# Learning from Their Mistakes: Self-Calibrating Sensors

The Internet of Things (IoT) contains billions of sensors that provide information for a large number of measurands. Many of these sensors are embedded in complex systems and can be deployed in remote locations. Careful calibration of such sensors, which is essential for optimal results, is often difficult or even impossible to achieve in practice. Indeed, the need for precise calibration of sensing devices—ranging from tiny sensors to space telescopes—manifests itself as a major roadblock in many scientific and technological endeavors beyond the IoT. In this context, calibration is an effort to correct for specific uncertainties or aberrations in the measurement process.

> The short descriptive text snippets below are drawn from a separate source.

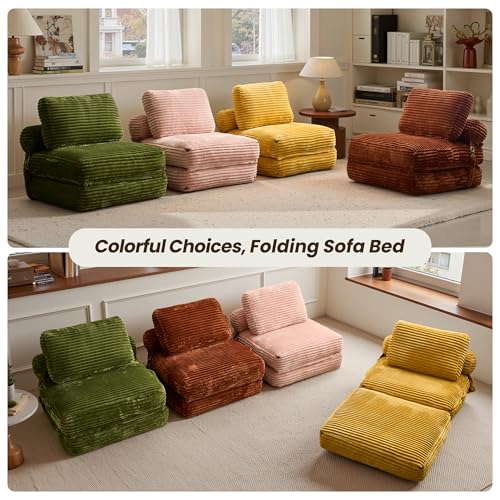 ovios Folding Sofa Bed, Foldable Sleeper Chair Floor Futon, Comfy Portable Convertible Fold Out Lounge Chairs for Living Room Bedroom, Pink - color: Pink
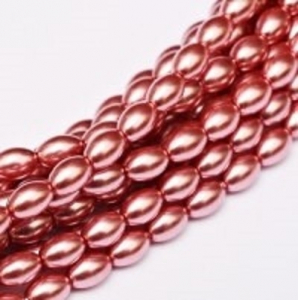 Margele Cehia - Perle cehesti Rizo 6x4 mm Fandarginto Pink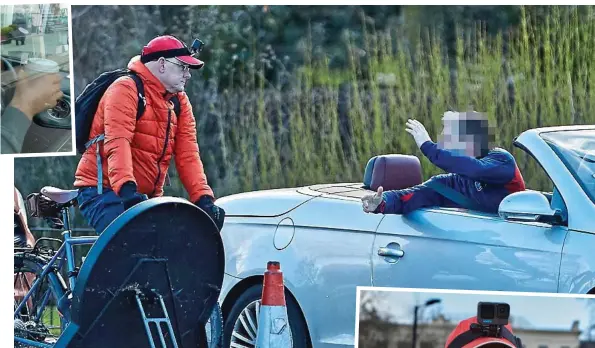  ?? ?? ‘Cycling vigilante’: Mike van Erp, inset, confronts a motorist in Hyde Park, left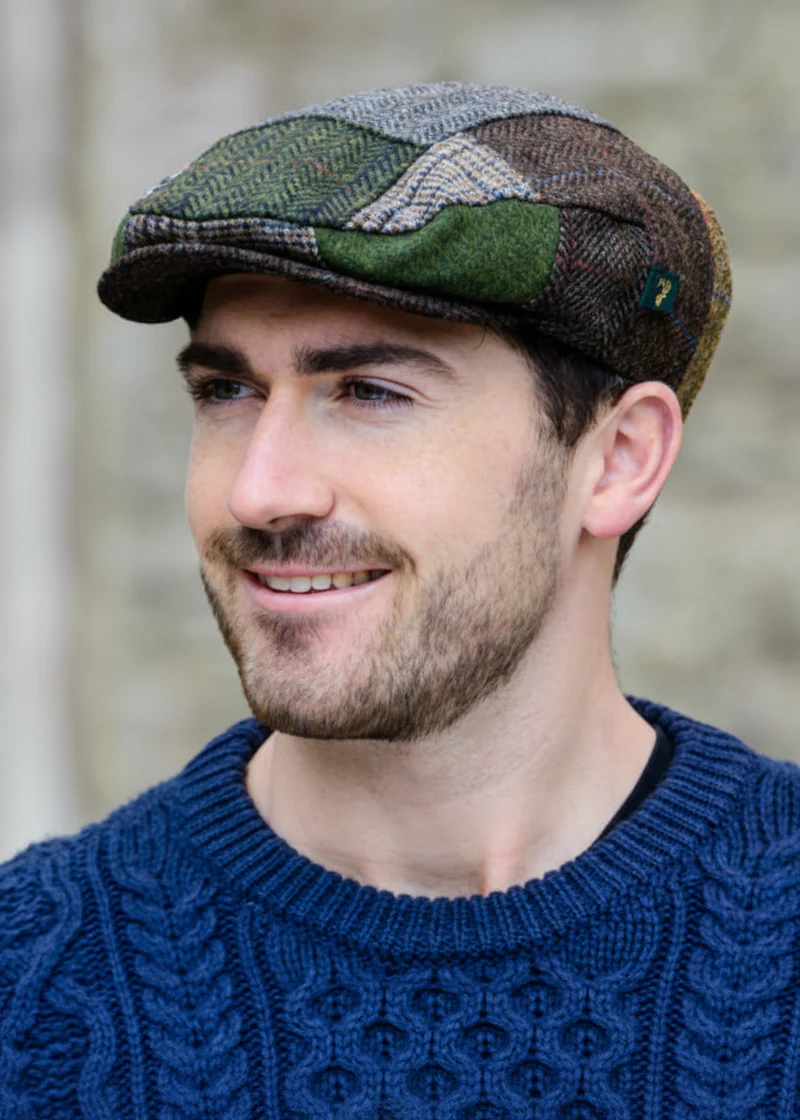 Mucros Trinity Cap | Handwoven Wool Flat Cap - Patch B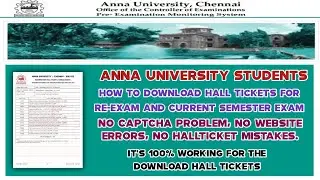 How to  Download Anna University Examination Hall Ticket || No Captcha Problem || AU Students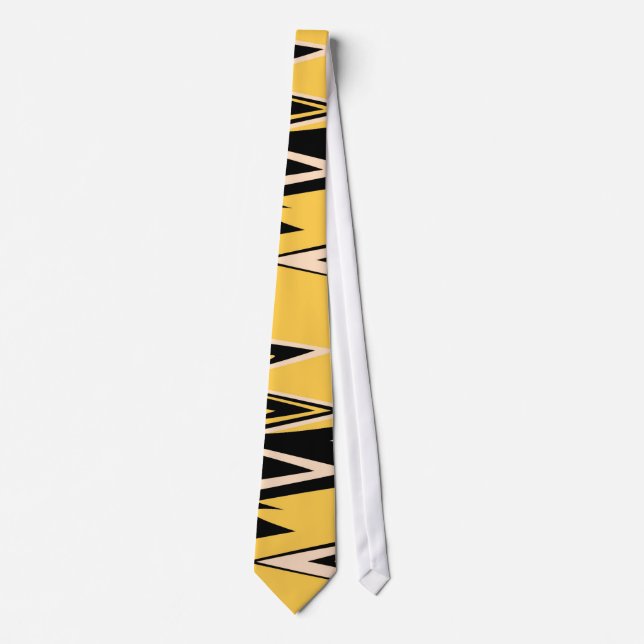 Retro Yellow, Black Zigzap Abstract Art Deco Tie (Front)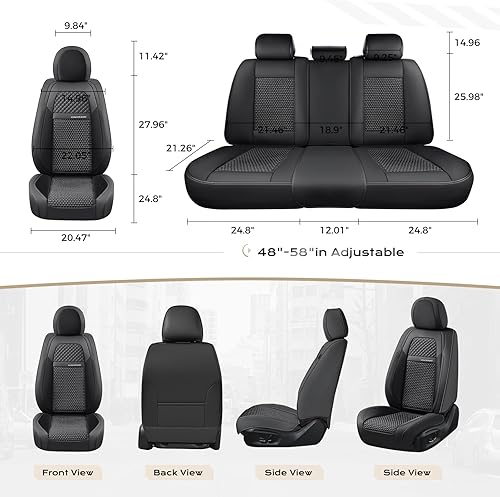Miniatura 7 de Coverado Fundas de asiento de cuero delantero, paquete de 2 fundas de asiento universales para automóviles, cojines de asiento de cuero sintético de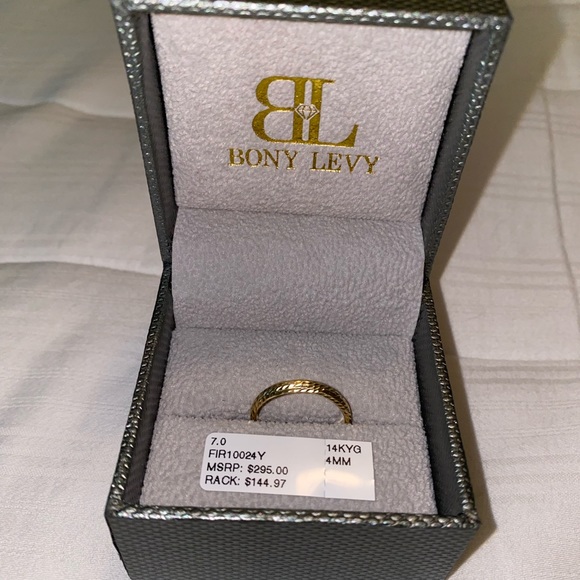 Bony Levy 14k Yellow Gold Detailed Ring Womens Size 7 - Picture 5 of 8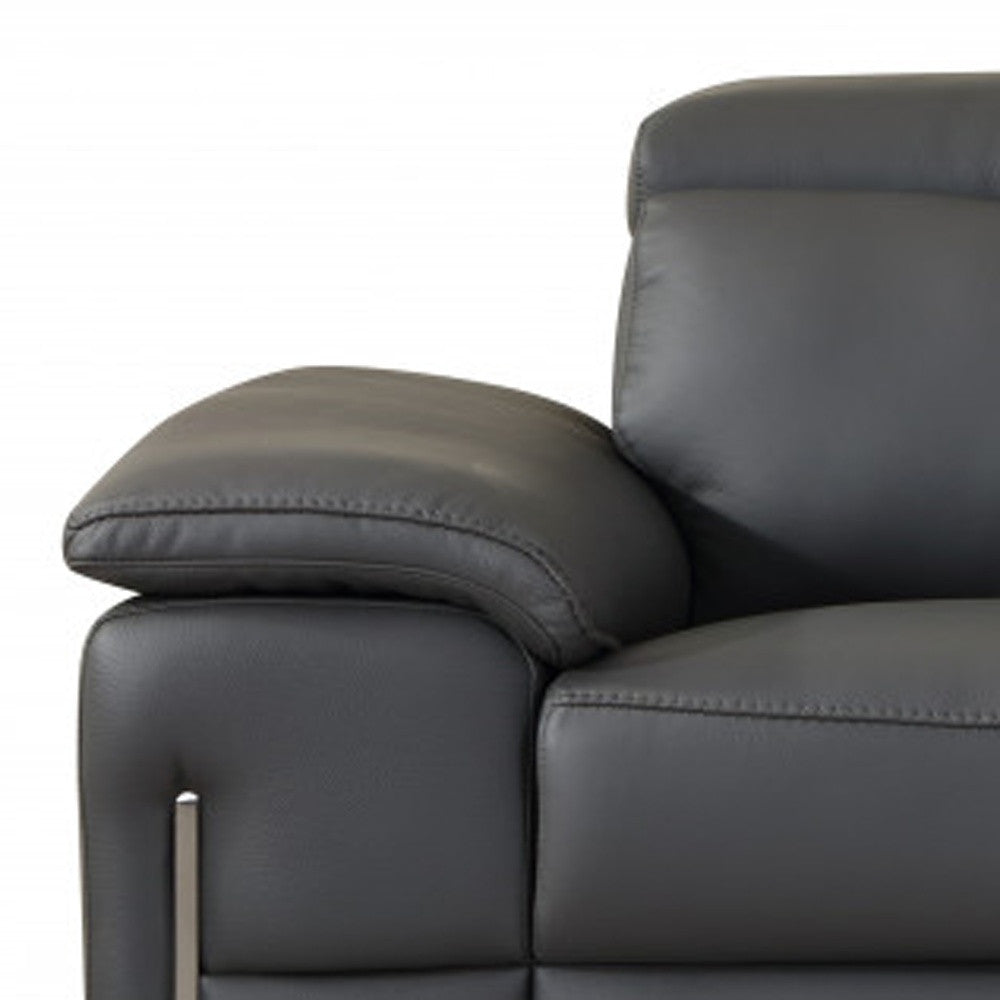 Two Piece Indoor Dark Gray Italian Leather Five Person Seating Set-5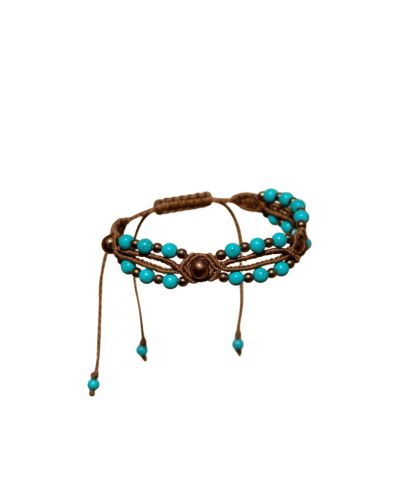 American Turquoise macrame anklet 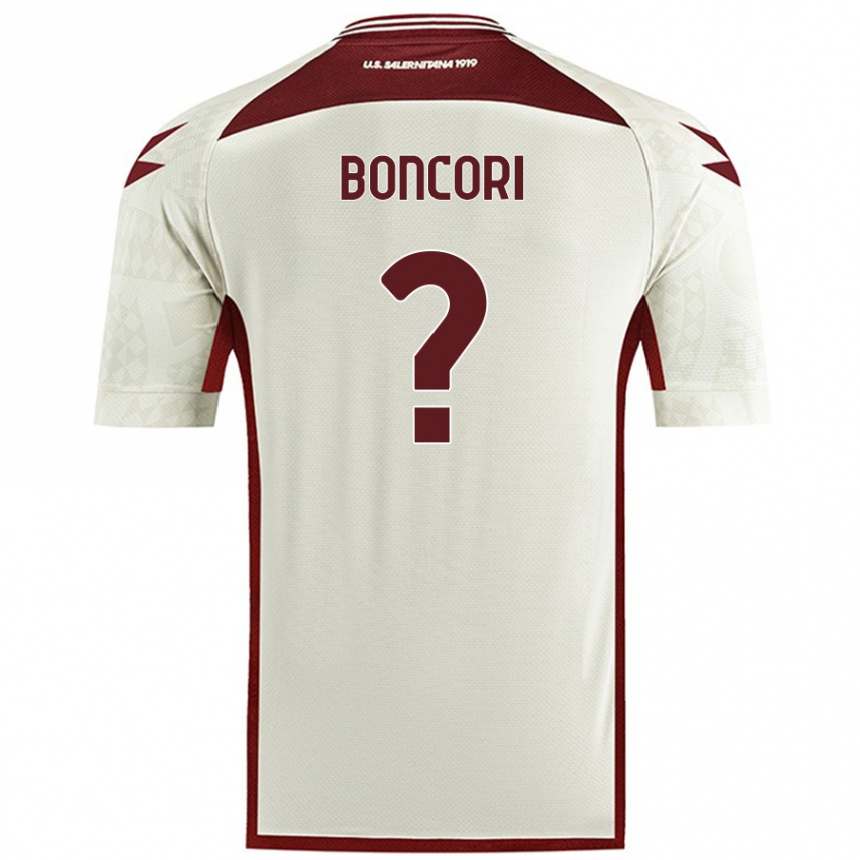 Kids Football Luca Boncori #0 Cream Color Away Jersey 2024/25 T-Shirt Nz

Consider the calibration of antenna arrays to correct gain/phase offsets in received data, a common problem in *direction-of-arrival estimation* when engineers attempt to calculate the direction of propagating waves based on data received from the antennae (see Figure 1) [6, 7]. Another instance is *blind deconvolution*, the issue of recovering a signal from its noisy convolution with a poorly-known or unknown point spread function [3]. This problem occurs in diverse fields, such as astronomical imaging and audio processing. Other instances arise in wireless communication [4], cryo-electron microscopy [12], and X-ray crystallography [11].

**Figure 1.**Direction-of-arrival estimation.

**1a.**Multiple signals impinge on an array of antennae. The goal is to estimate all angles xi using the (noisy) data received at the array. Here we assume that the antenna gains are unknown.

**1b.**A typical example of how one of the methods can solve this self-calibration problem. Figure 1a courtesy of authors and 1b courtesy of [6, 9].

It is therefore highly desirable to equip sensors and systems with the capability for *self-calibration* using information collected by the system to simultaneously estimate the calibration parameters and perform the system’s intended function (image reconstruction, signal estimation, target detection, etc.) [7, 9]. With some poetic license, we might say that sensors learn from their mistakes; instead of physically recalibrating themselves (usually an impractical or impossible task), they conduct a form of *virtual self-calibration* by correcting errors in the sensing process via carefully-constructed algorithms.

We can express many self-calibration problems in the following mathematical form:

\[y = A(\theta,x) + w, \tag1 \]

where \(y\) represents the measurements, \(A(\theta\),\(\cdot)\) is the sensing operator dependent on some unknown or imprecisely known parameters, \(\theta\), \(x\) is the information we wish to recover, and \(w\) denotes additive noise. \(A\) may depend linearly or nonlinearly on \(\theta\), while the properties of sensing uncertainty \(\theta\) depend largely on the application.

The generality of (1) renders it incapable of developing a rigorous and efficient framework for its solution. So we focus instead on some important special cases. A seemingly simple yet surprisingly useful case is the model

\[y = D(\theta) A x + w, \tag2 \]

where the matrix \(A\) and vector \(y\) are known but the diagonal matrix \(D(\theta)\) and vector \(x\) are not. As before, \(w\) is additive noise and thus unknown as well, though we may have statistical information about it. We can also interpret the goal of finding \(x\) as solving a linear system where an *unknown* gain \(D_i(\theta)\) rescales the \(i\)th row of the system matrix \(A.\)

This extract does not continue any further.